#### [REQUIREMENT]
Write an exact copy of the entries below that leaves out all pictures.

Records contained in a dataset:
• • • • • • •

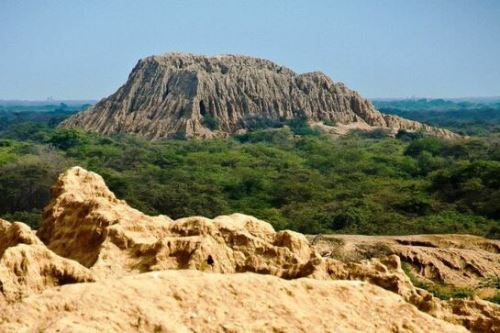 Santuario Histórico Bosque de Pómac formará parte  de la ruta turística “Caminos del papa León XIV”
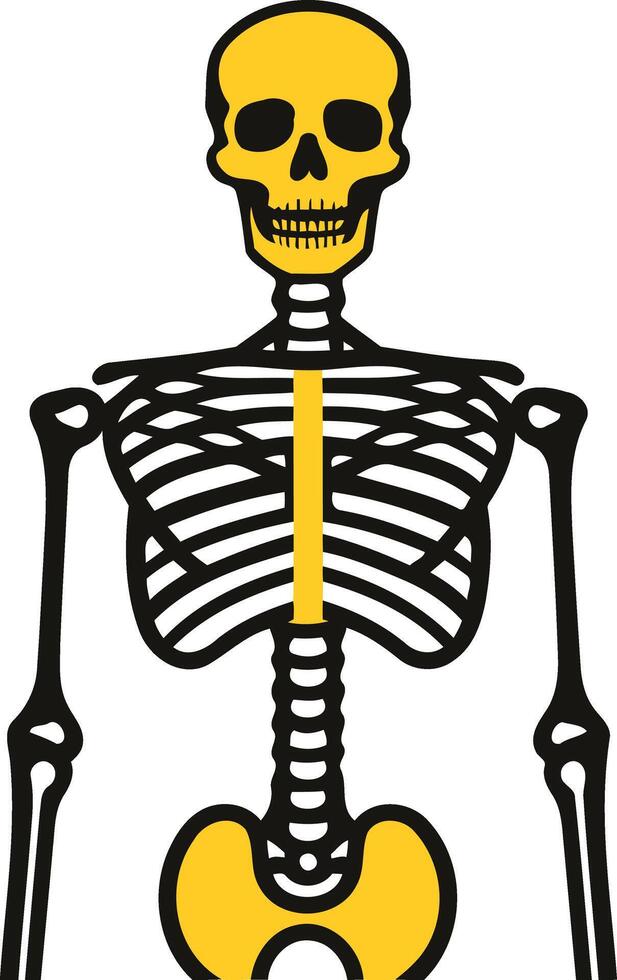 A simple yet effective illustration of a human skeleton with highlighted bone structures vector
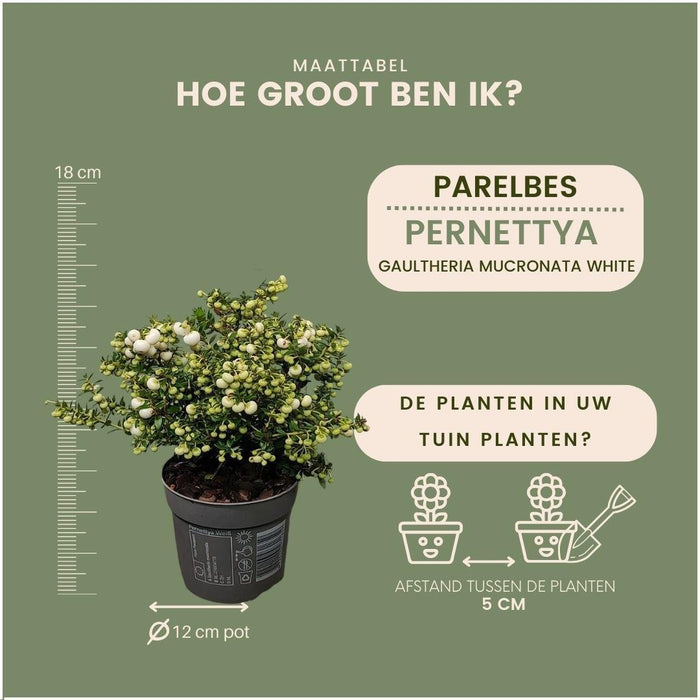 Parti Med 6 Hvide Mucronate Vintergrønt - Pernettya Mucronata Ø12Cm | ↨20 Cm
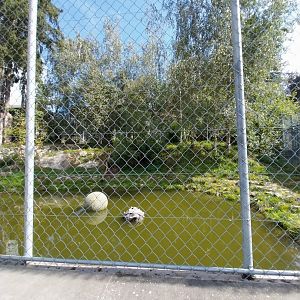 Siberian tiger enclosure
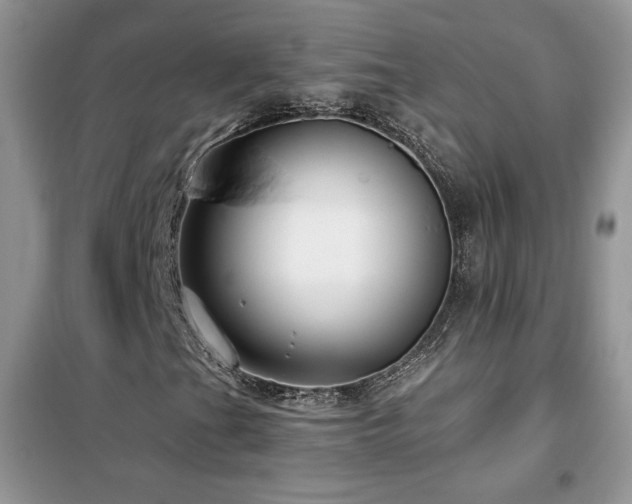 X0000102341201200808011132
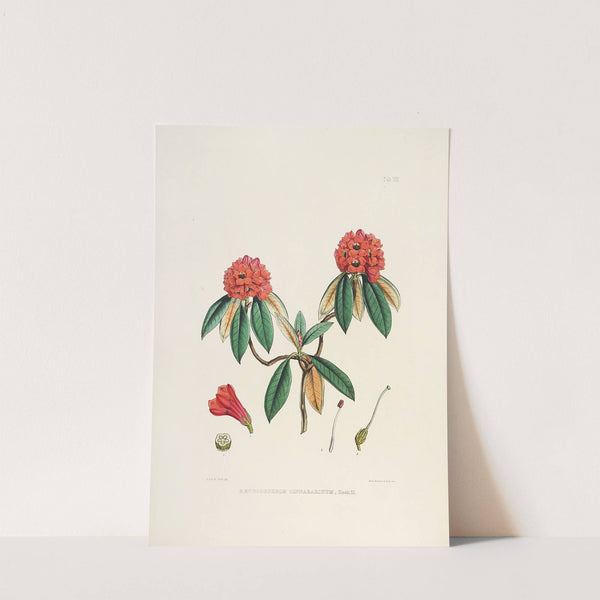 The Rhododendrons of Sikkim-Himalaya Pl.08 by Walter Hood Fitch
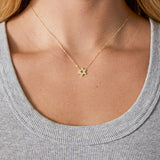 Med Star CZ of David Necklace
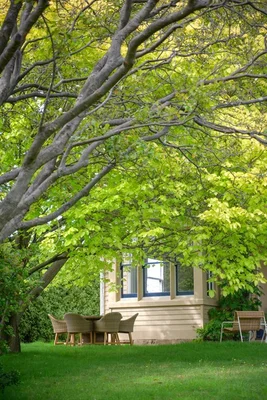 Additional image 32 of 11 Mona Street, Battery Point TAS 7004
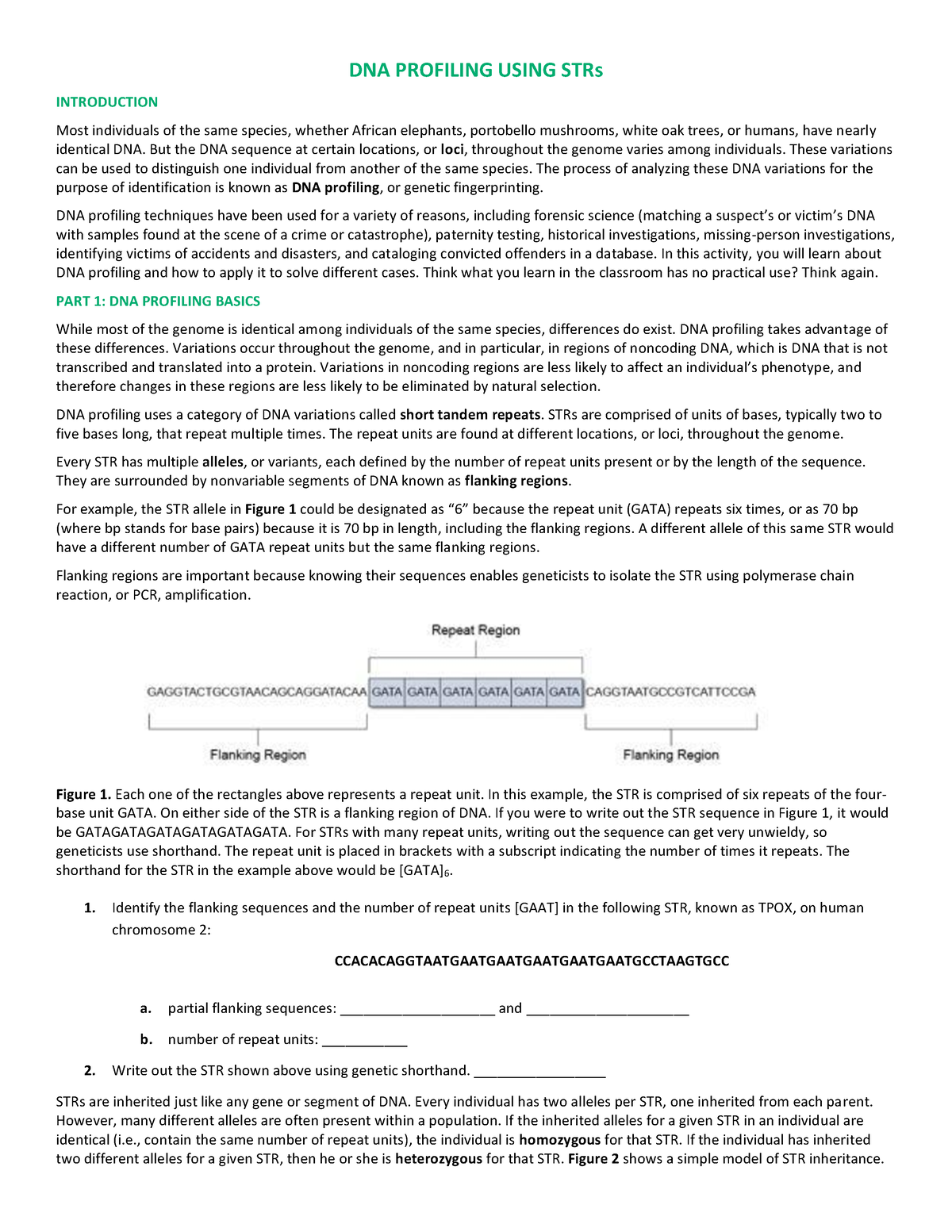 dna-profiling-strs-worksheet-dna-profiling-using-strs-introduction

• • • • • • •

#### [WORKED SOLUTION]
 Santuario Histórico Bosque de Pómac formará parte  de la ruta turística “Caminos del papa León XIV”
 A simple yet effective illustration of a human skeleton with highlighted bone structures vector
 Parti Med 6 Hvide Mucronate Vintergrønt - Pernettya Mucronata Ø12Cm | ↨20 Cm
 Siberian tiger enclosure
 X0000102341201200808011132
 The Rhododendrons of Sikkim-Himalaya Pl.08 by Walter Hood Fitch
 Med Star CZ of David Necklace
 Additional image 32 of 11 Mona Street, Battery Point TAS 7004
 dna-profiling-strs-worksheet-dna-profiling-using-strs-introduction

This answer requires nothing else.